Try this beautiful problem from the American Invitational Mathematics Examination, AIME, 2015 based on Smallest Perimeter of Triangle.
Triangle \(ABC\) has positive integer side lengths with \(AB=AC\). Let \(I\) be the intersection of the bisectors of \(\angle B\) and \(\angle C\). Suppose \(BI=8\). Find the smallest possible perimeter of \(\triangle ABC\)..
Inequalities
Trigonometry
Geometry
Answer: is 108.
AIME, 2015, Question 11
Geometry Vol I to IV by Hall and Stevens
Let $D$ be the midpoint of $\overline{BC}$. Then by SAS Congruence, $\triangle ABD \cong \triangle ACD$, so $\angle ADB = \angle ADC = 90^o$.Now let $BD=y$, $AB=x$, and $\angle IBD$ =$ \frac{\angle ABD}{2}$ = $\theta$.Then $\mathrm{cos}{(\theta)} = \frac{y}{8}$and $\mathrm{cos}{(2\theta)} = \frac{y}{x} = 2\mathrm{cos^2}{(\theta)} - 1 = \frac{y^2-32}{32}$.

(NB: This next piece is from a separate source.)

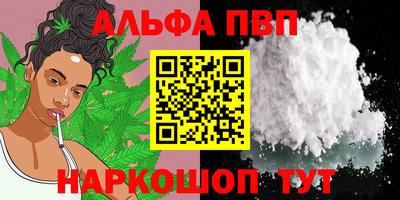 гидра Комсомольск-на-Амуре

Cross-multiplying yields $32y = x(y^2-32)$.
Since $x,y>0$, $y^2-32$ must be positive, so $y > 5.5$.
Additionally, since $\triangle IBD$ has hypotenuse $\overline{IB}$ of length $8$, $BD=y < 8$.
Therefore, given that $BC=2y$ is an integer, the only possible values for $y$ are $6$, $6.5$, $7$, and $7.5$.
However, only one of these values, $y=6$, yields an integral value for $AB=x$, so we conclude that $y=6$ and $x=\frac{32(6)}{(6)^2-32}=48$.
Thus the perimeter of $\triangle ABC$ must be $2(x+y) = {108}$.